Eigentlich sollte die Welt dieser Tage Grosses über Marc Faber (71) denken. Morgen Donnerstag vor genau 30 Jahren ereignete sich einer der grössten Börsen-Crashs der Geschichte. Faber sah den Crash voraus. Seitdem ist er weltweit als Dr. Doom (dt. Verderben) bekannt.
In den Schlagzeilen wird Faber im Moment aber nicht gefeiert – im Gegenteil. Mit der Oktober-Ausgabe seines bekannten Investoren-Newsletters «Gloom, Boom and Doom» hat er einen Rassismus-Skandal ausgelöst.
«Gott sei Dank haben weisse Menschen Amerika bevölkert und nicht die Schwarzen», schreibt der Zürcher, wie die «Financial Times» gestern bekannt machte (Stelle im Screenshot unten rot markiert). «Ansonsten sähen die USA jetzt aus wie Simbabwe, was eines Tages zwar sowieso passieren könnte.

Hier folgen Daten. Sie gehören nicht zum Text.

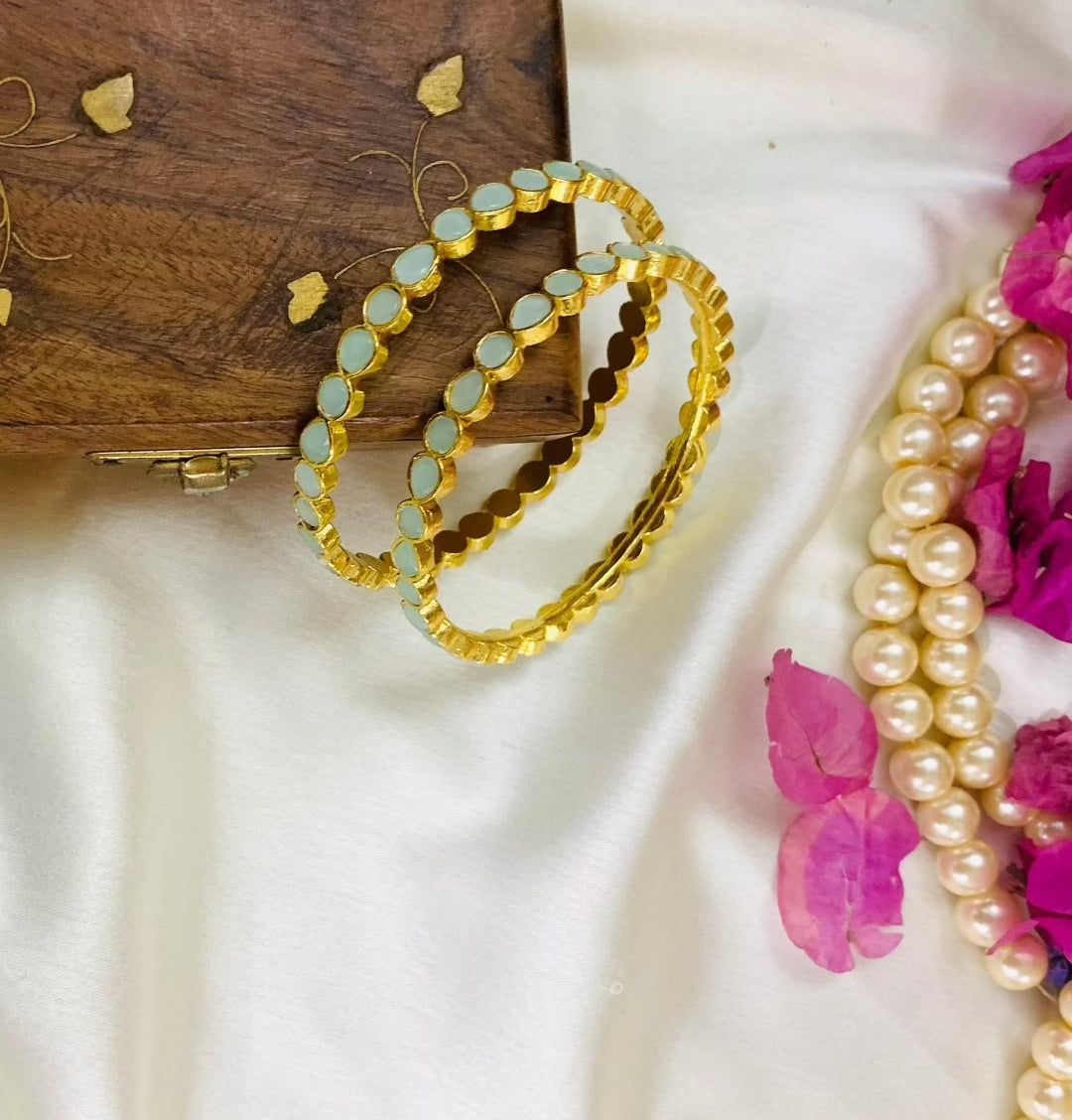 Aaheli Pachi Kundan Bangle Pair - QUEENS JEWELS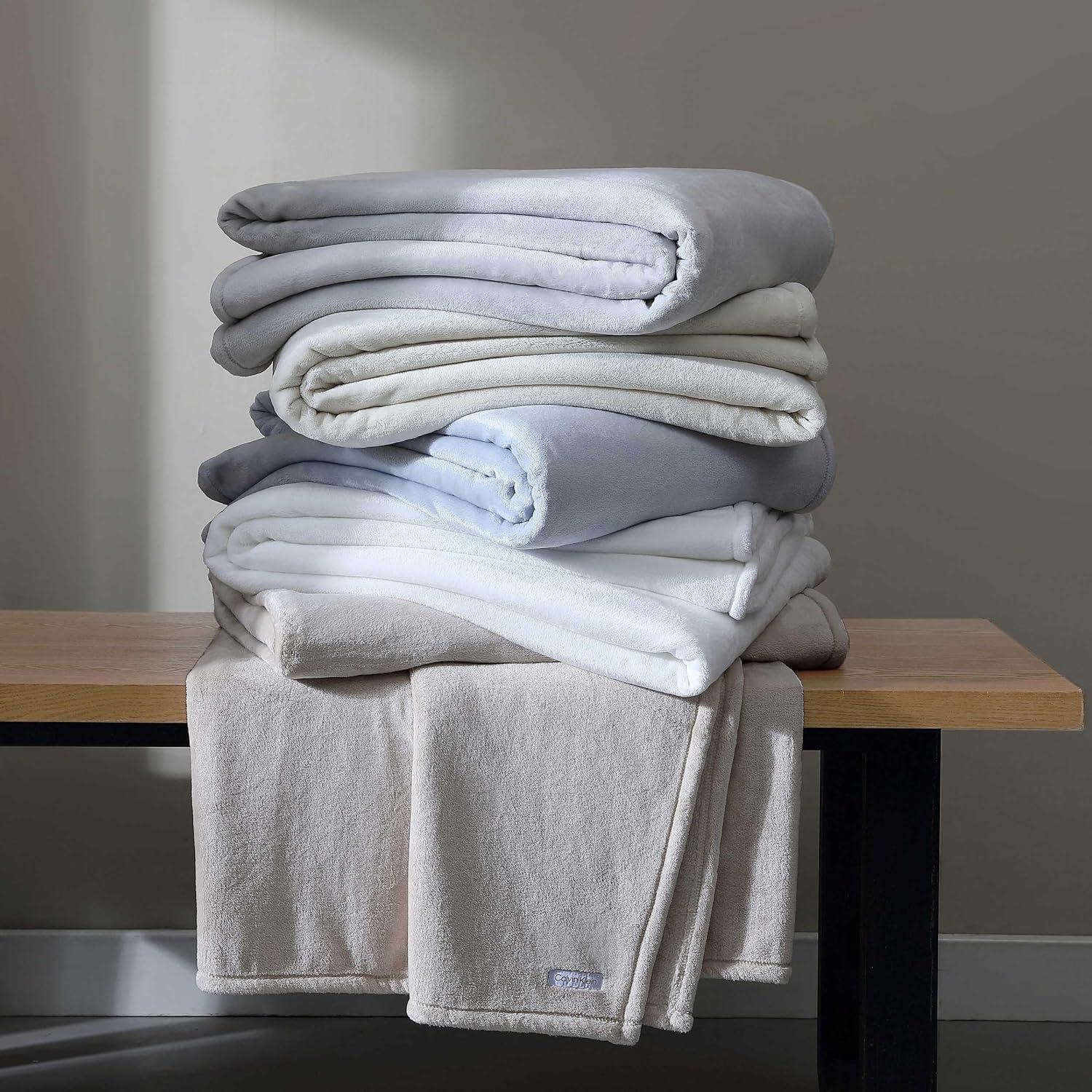 King Light Gray Polyester Fleece Blanket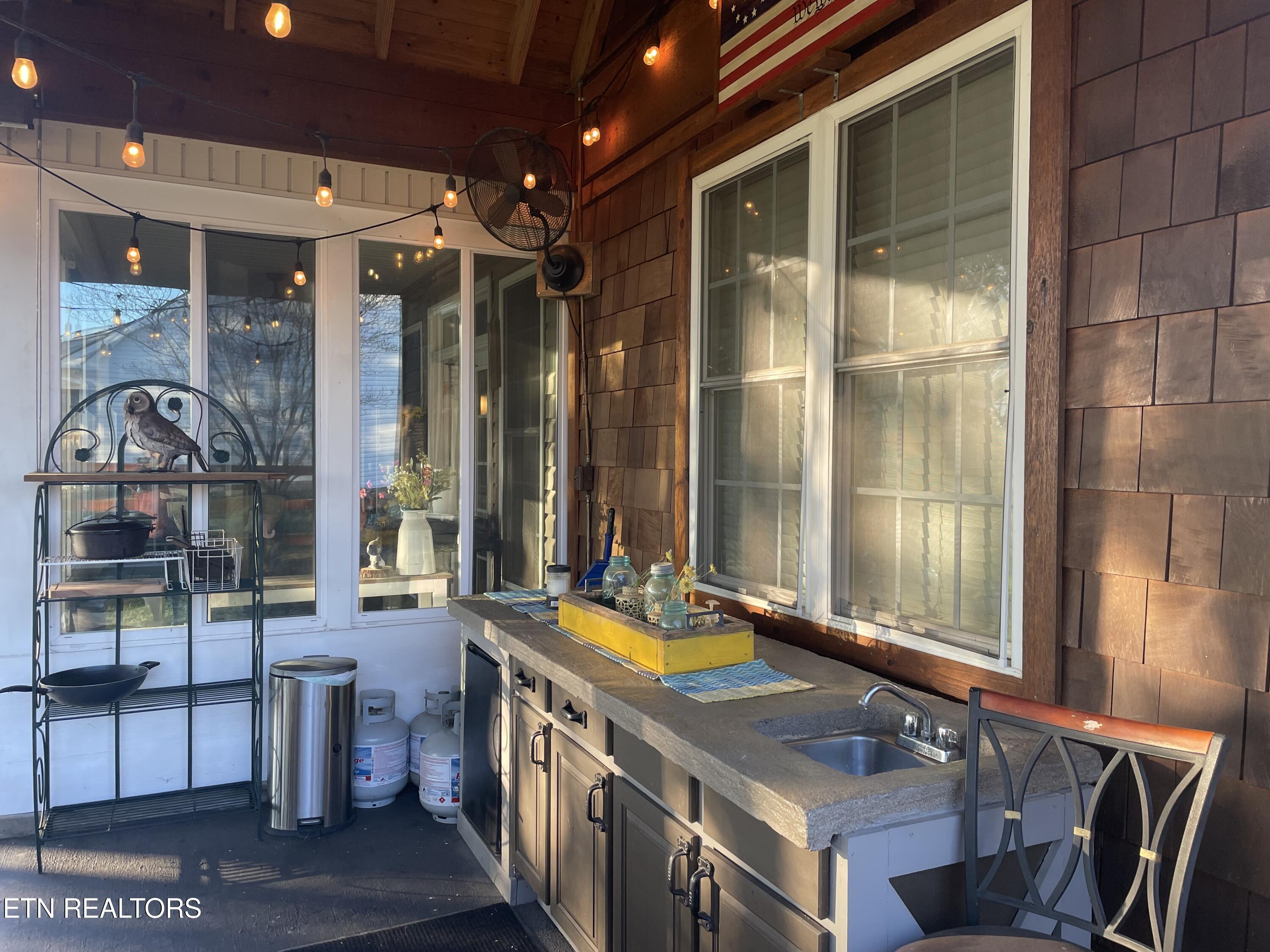 167 Wind Chase Way Madisonville TN 37354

So aber hätte Amerika wenigstens 200 Jahre auf der ökonomischen und politischen Sonnenseite unter einer weissen Mehrheit geniessen dürfen.» Weltweit löste er damit Empörung aus (BLICK berichtete).
Faber setzt noch einen drauf
BLICK erreichte ihn heute Mittag in seinem Haus in Chiang Mai (Thailand) am Telefon. Faber wirkt relaxt, schuld seien die anderen.
«Ich habe diese weltweite Empörung nicht erwartet.» Doch jetzt, wo er genauer darüber nachdenke, überrasche es ihn überhaupt nicht. «Die Amerikaner wollen immer der ganzen Welt erklären, was rassistisch ist und was nicht. Dabei haben sie eine schlimme Vergangenheit mit der Sklaverei – wir Schweizer dagegen nicht.» Wer ihn jetzt als Rassisten verurteile, mache es sich zu einfach.
Auf das Argument, dass er Schwarze mit seiner Aussage als minderwertig darstelle, reagiert Faber verständnislos: «Stellen Sie sich vor, Sie haben eine Tochter. Sie kommt eines Tages mit einem Schwarzen heim und sagt, sie wolle ihn heiraten. Wenn Sie ihn umarmen, sind Sie kein Rassist. Wenn nicht, dann schon.»
Sprechen Sie aus Erfahrung? «Nein. Aber wissen Sie: Sehr viele Freunde, auch Schwarze, haben mir geschrieben, dass ich recht habe.»
Liegt es an der Hautfarbe der Bewohner, dass Afrika wirtschaftlich weniger stark und politisch noch chaotischer als die USA ist? «Das weiss ich nicht, das ist ein anderes Thema. Ich habe den kontroversen Newsletter-Abschnitt über die Lage in den USA geschrieben. Es ging um die Frage, ob es in Ordnung ist, Südstaaten-Statuen abzureissen.»
Faber meint damit das Niederreissen von Statuen aus dem amerikanischen Bürgerkrieg zu Ehren von Südstaatlern. Diese kämpften in den 1860er-Jahren unter anderem für ihr Recht, Sklaven zu halten, gegen die Nordstaaten.
Dann sagt Faber, er habe nun keine Zeit mehr, und legt den Hörer auf.
«Scheinheilige Linke»
Ob dieses letzte Argument jedoch wirklich zu Fabers Entlastung beiträgt?
Aus dem Englischen übersetzt lautet der Abschnitt (grün markiert im Screenshot unten) wie folgt: «Ich kann es nicht unterlassen zu erwähnen, wie scheinheilige Linke die Taliban kritisierten, als diese die beiden grössten Buddha-Statuen der Welt in die Luft jagten. Diese standen am Fusse des Hindukusch-Gebirges in Zentral-Afghanistan. Aber genau die gleichen Leute stören sich jetzt an Statuen von ehrenwerten Leuten, deren einziges Verbrechen es war, das Gleiche zu tun, das verschiedene Gesellschaften während mehr als 5000 Jahren getan hatten.»
Marc Faber hat auf 24 kurzen Zeilen mordende Taliban mit Sklaverei-Kritikern gleichgestellt, Schwarze als Weissen unterlegen dargestellt. Die Quittung dafür erhielt er sofort: Er verlor Mandate, TV-Sender stellten ihn kalt. Es wirkt so, als erleide Dr. Doom 30 Jahre nach seinem grossen Coup selbst einen gröberen Crash.